One of the joys (sarcasm) of living in the south that I have discovered within the past month is cockroaches. I’d never seen any before I moved down here, and after unsuccessfully, of course, trying to kill one I saw climbing up my wall one night about a week and a half ago, I called my mom. Because that’s what you do when confronted with nasty insects in your home that you’ve never encountered before. In my high-pitched, extremely annoyed and astonished voice, I explained to her the event of seeing the cockroach, grabbing a shoe, slamming it against the wall and thinking I killed it (but oh, no, as those of you who have confronted cockroaches know, they are nigh invincible) only to discover it hanging out on the backside of my bookshelf, attempting to get it again with a spatula (and failing again), and then its disappearing act.
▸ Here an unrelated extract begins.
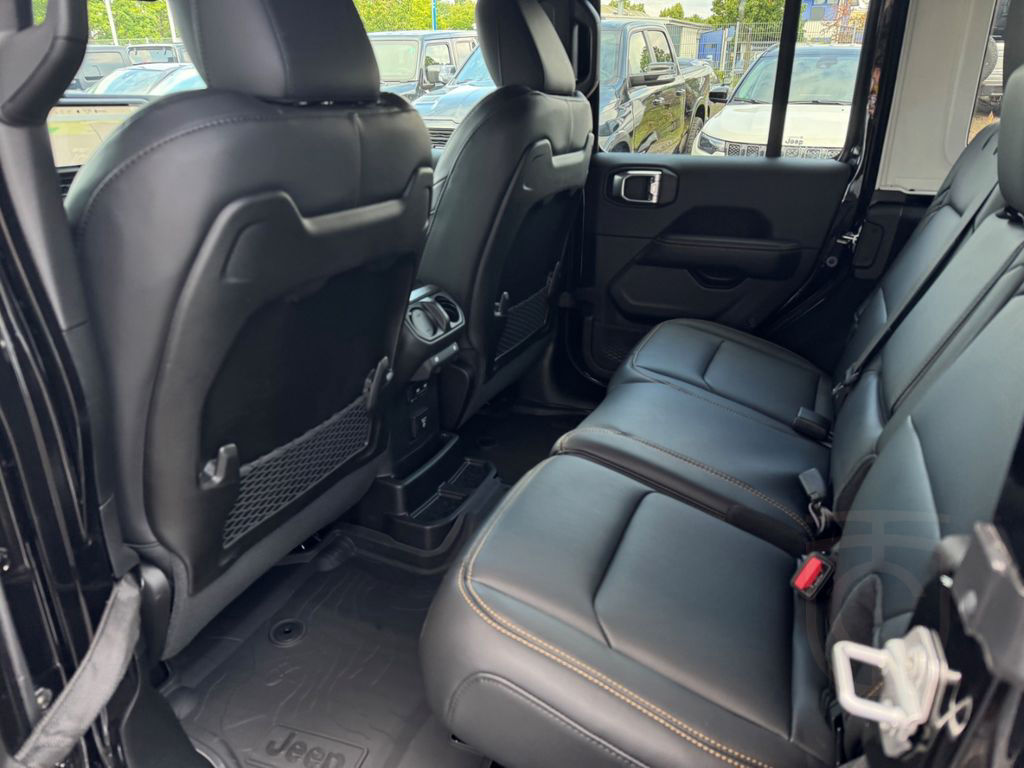 Jeep Wrangler 2.0 Unlim. Sahara Umbau Hoch + Breit SK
Having moved to Georgia herself last November, she was quite familiar with this evasive little insect and co-miserated while laughing at my outrage at my home having been infected by them. The kind around here aren’t the massive black mutant cockroaches (thank Goddess because I think I would have a nervous breakdown if I saw one of those on my wall), but rather the small-medium orange-ish reddish ones. Either way, they still freak me out.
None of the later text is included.